ASSIGNED TASK
In the records below, find the line containing "TOMMY HILFIGER - Tommy" and the line containing "Steel Top BK"; please repeat exactly the lines from one to the other, both included, and nothing more.

---- SUPPLIED MATERIAL

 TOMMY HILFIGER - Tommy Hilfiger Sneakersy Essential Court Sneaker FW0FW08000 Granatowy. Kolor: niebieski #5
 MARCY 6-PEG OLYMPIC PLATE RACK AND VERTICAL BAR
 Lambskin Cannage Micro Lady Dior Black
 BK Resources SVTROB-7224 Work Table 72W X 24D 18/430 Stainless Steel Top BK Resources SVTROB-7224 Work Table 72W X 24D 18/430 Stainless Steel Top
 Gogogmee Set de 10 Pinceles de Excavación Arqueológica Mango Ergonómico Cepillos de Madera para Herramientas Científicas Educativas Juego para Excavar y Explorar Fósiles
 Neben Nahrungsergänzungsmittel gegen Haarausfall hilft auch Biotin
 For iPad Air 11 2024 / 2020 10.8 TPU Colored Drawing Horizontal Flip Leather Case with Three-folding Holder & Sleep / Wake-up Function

--------
---- SUPPLIED MATERIAL

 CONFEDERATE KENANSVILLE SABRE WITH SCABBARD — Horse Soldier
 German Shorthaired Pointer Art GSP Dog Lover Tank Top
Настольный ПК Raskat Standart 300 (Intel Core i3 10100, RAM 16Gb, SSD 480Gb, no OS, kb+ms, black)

--------

ANSWER FOR THE TASK
 TOMMY HILFIGER - Tommy Hilfiger Sneakersy Essential Court Sneaker FW0FW08000 Granatowy. Kolor: niebieski #5
 MARCY 6-PEG OLYMPIC PLATE RACK AND VERTICAL BAR
 Lambskin Cannage Micro Lady Dior Black
 BK Resources SVTROB-7224 Work Table 72W X 24D 18/430 Stainless Steel Top BK Resources SVTROB-7224 Work Table 72W X 24D 18/430 Stainless Steel Top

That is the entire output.